== TASK DIRECTIONS ==
Find "Linux: Terminator - O Multi-terminal" in the material below, then write out that line and every line after it exactly, ending with the last one; skip the pictures.

== DATASET CONTENT ==
..............................
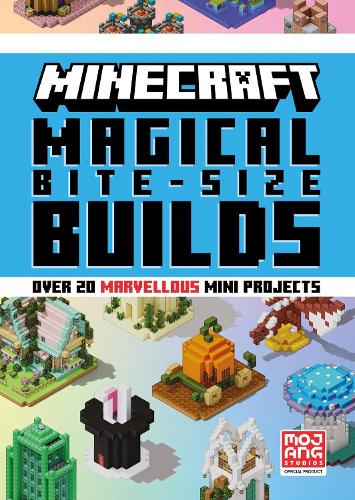 Паперова книга «Minecraft Magical Bite-Size Builds», автор Mojang AB - фото №1
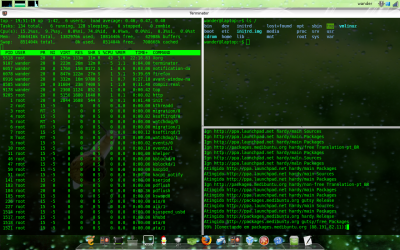 Linux: Terminator - O Multi-terminal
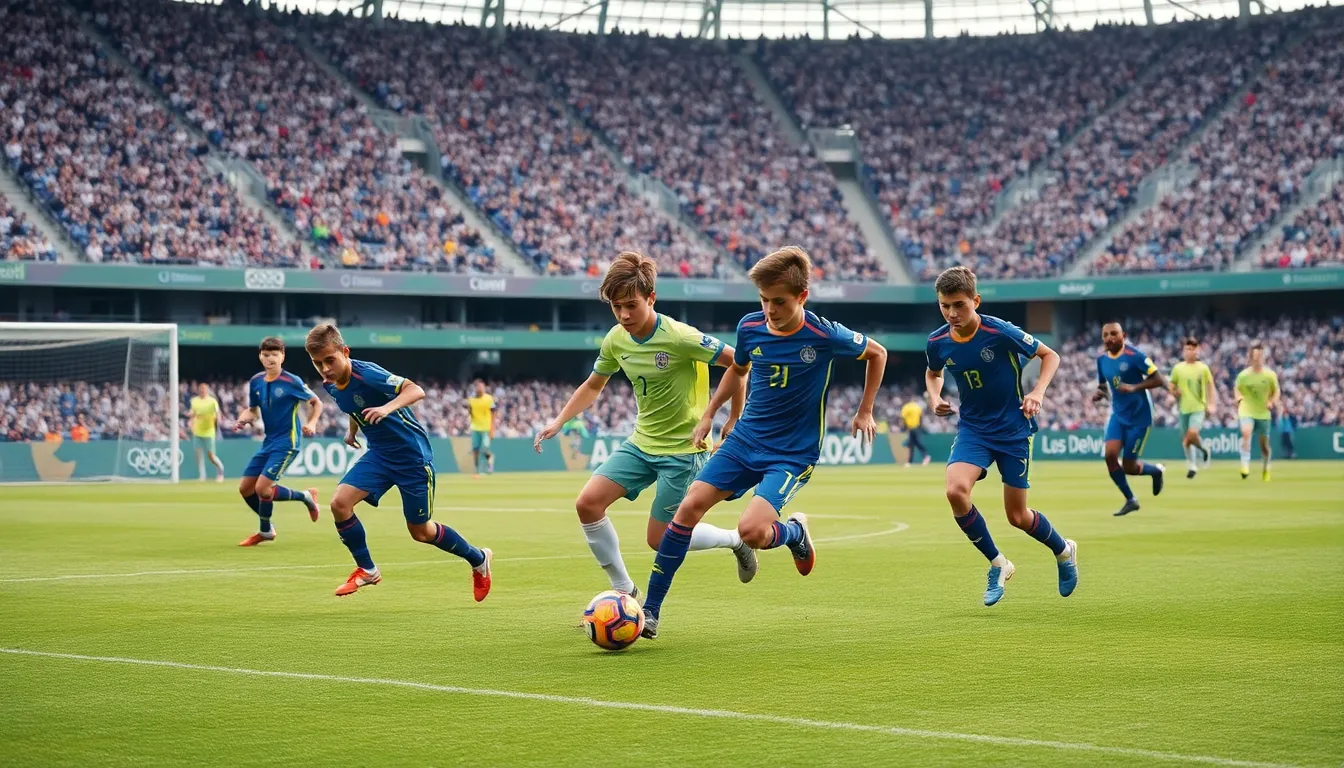 Calcio, i criteri di qualificazione alle Olimpiadi di Los Angeles 2028: un posto in meno per l’Europa rispetto a Parigi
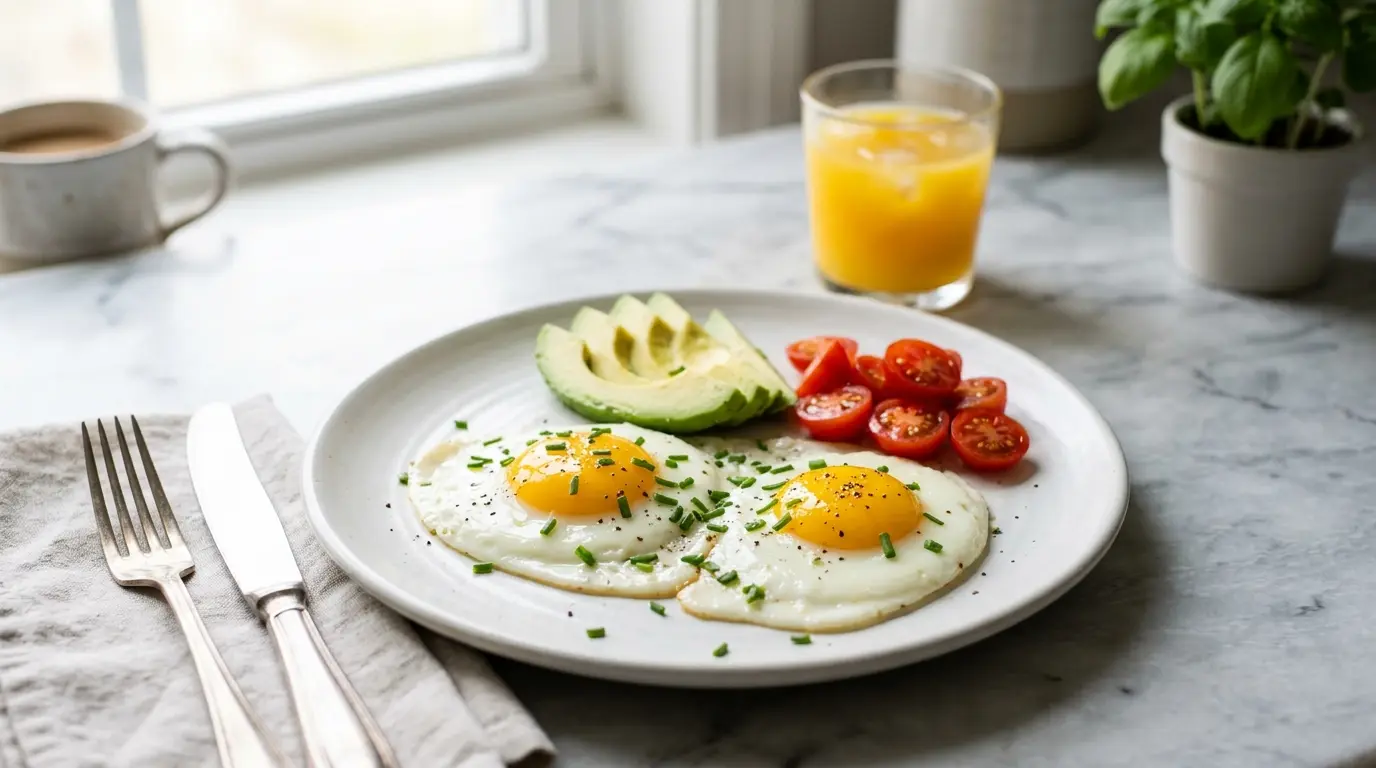 healthy eggs for breakfast recipe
..............................
== WRITTEN SOLUTION ==
 Linux: Terminator - O Multi-terminal
 Calcio, i criteri di qualificazione alle Olimpiadi di Los Angeles 2028: un posto in meno per l’Europa rispetto a Parigi
 healthy eggs for breakfast recipe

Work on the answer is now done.